## EXERCISE
Word for word, set down the lines from the one that holds "Teal and White" through the final line of the listing below, and exclude every picture.

## INFORMATION SUPPLIED
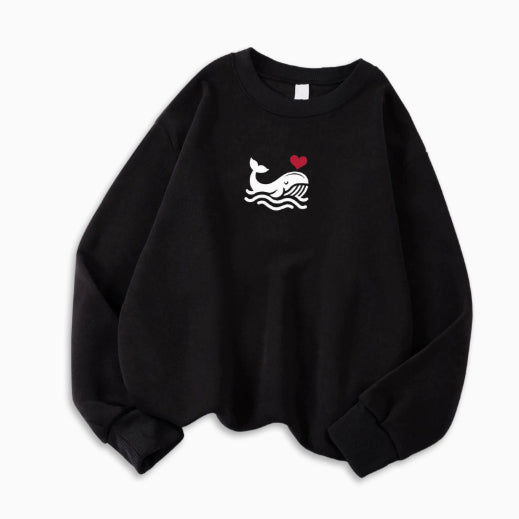 Women's Loose Fit Sweatshirt with Baby Whale Design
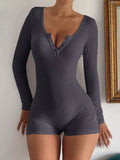 Ribbed Knit Long Sleeve Romper Gray / S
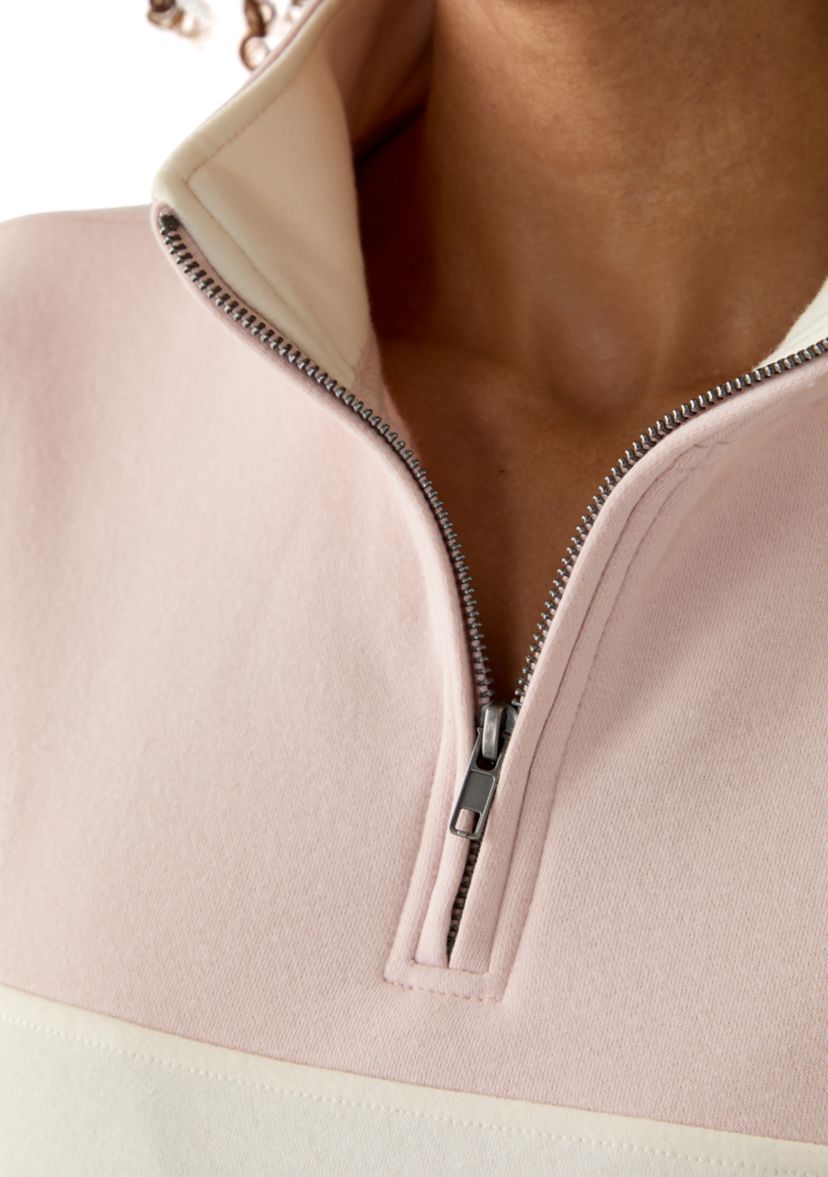 Womens Half Zip Mock Sweatshirt 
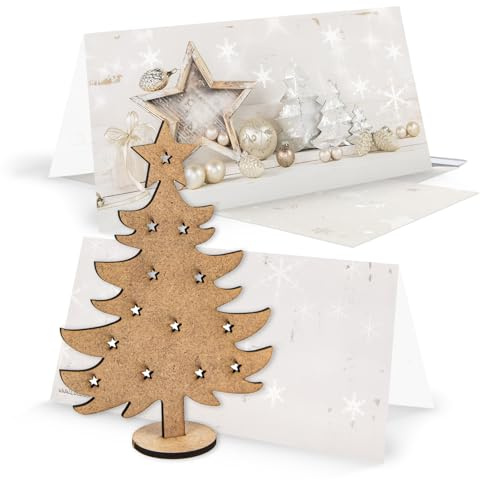 Logbuch-Verlag Weihnachtskarten Set - 3 weihnachtliche Grußkarten + 3 Weihnachtsbäume aus Holz zum Stecken + 3 Umschläge beige silber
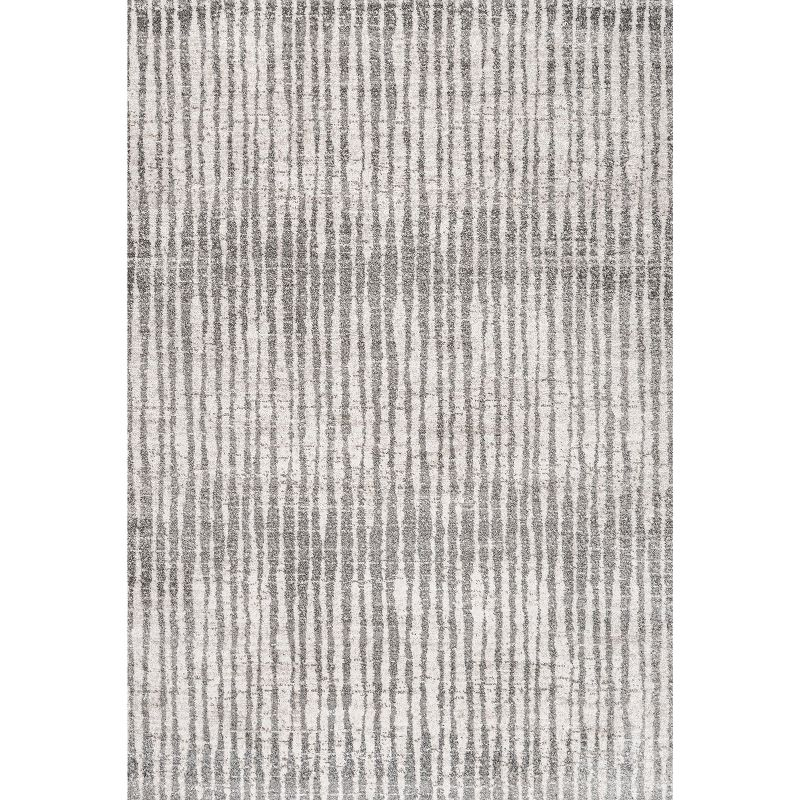 3'x5' Skoura Modern Bold Stripe Area Rug, Beige/Dark Gray - JONATHAN Y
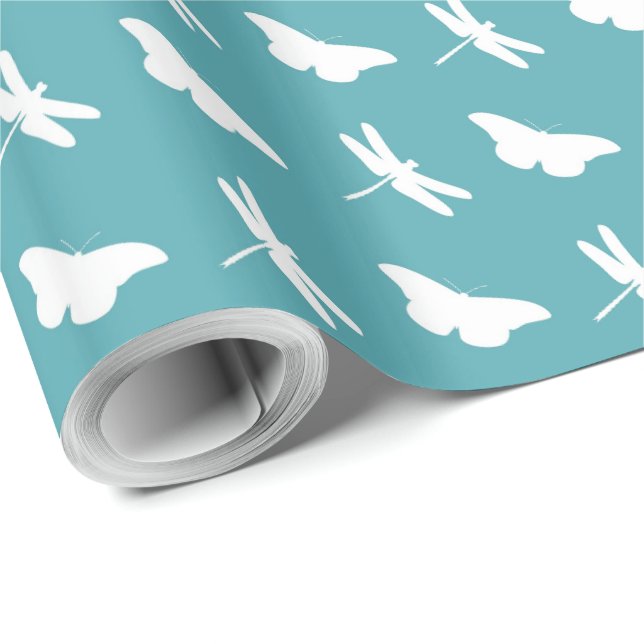 Teal and White Butterfly and Dragonfly Pattern Wrapping Paper (Roll Corner)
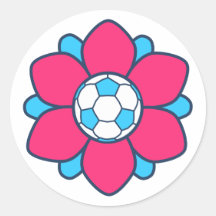 Hot Pink Soccer Girl Round Sticker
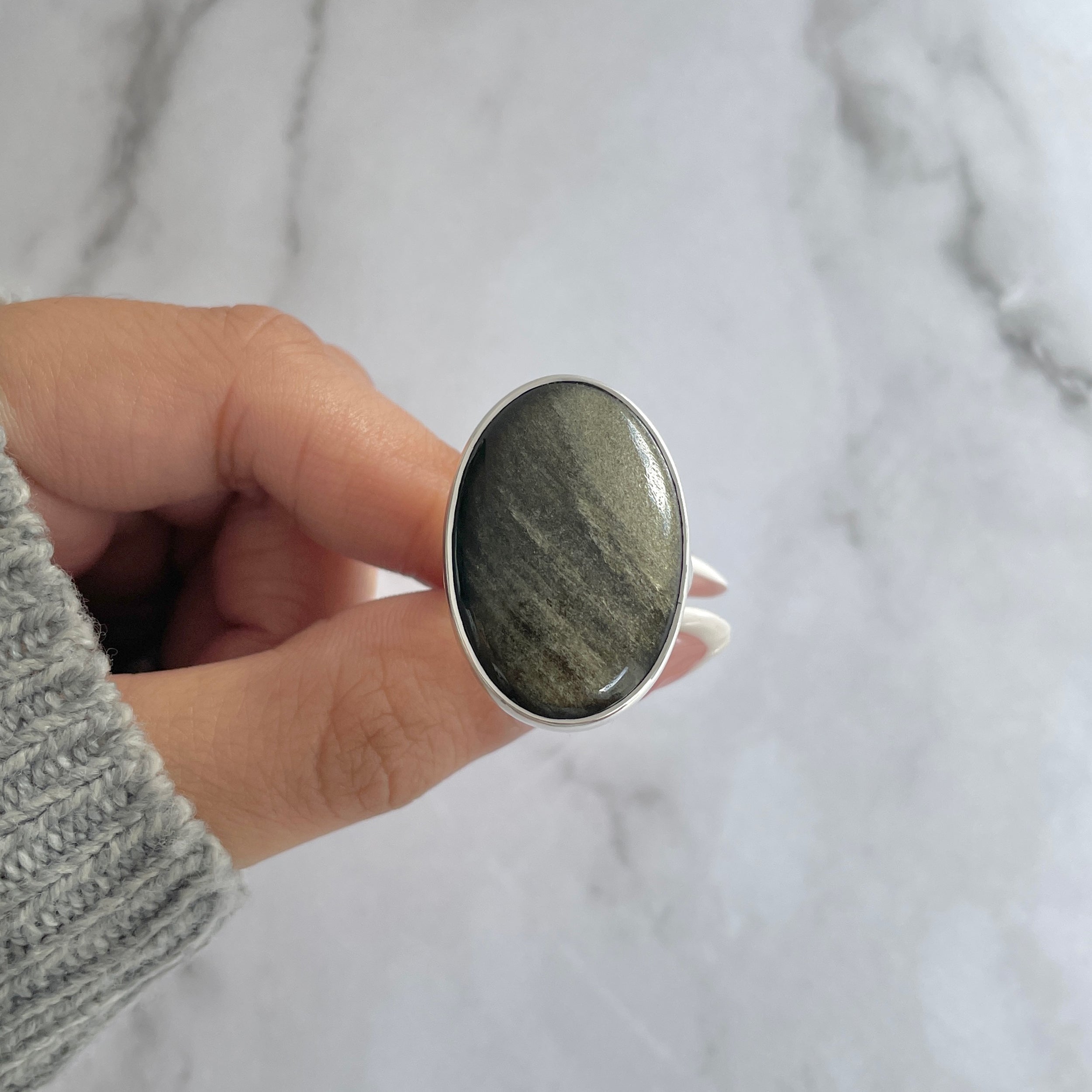 Gold Obsidian Ring-(GDO-R-12.)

## WRITTEN REPLY
 Teal and White Butterfly and Dragonfly Pattern Wrapping Paper (Roll Corner)
 Hot Pink Soccer Girl Round Sticker
 Gold Obsidian Ring-(GDO-R-12.)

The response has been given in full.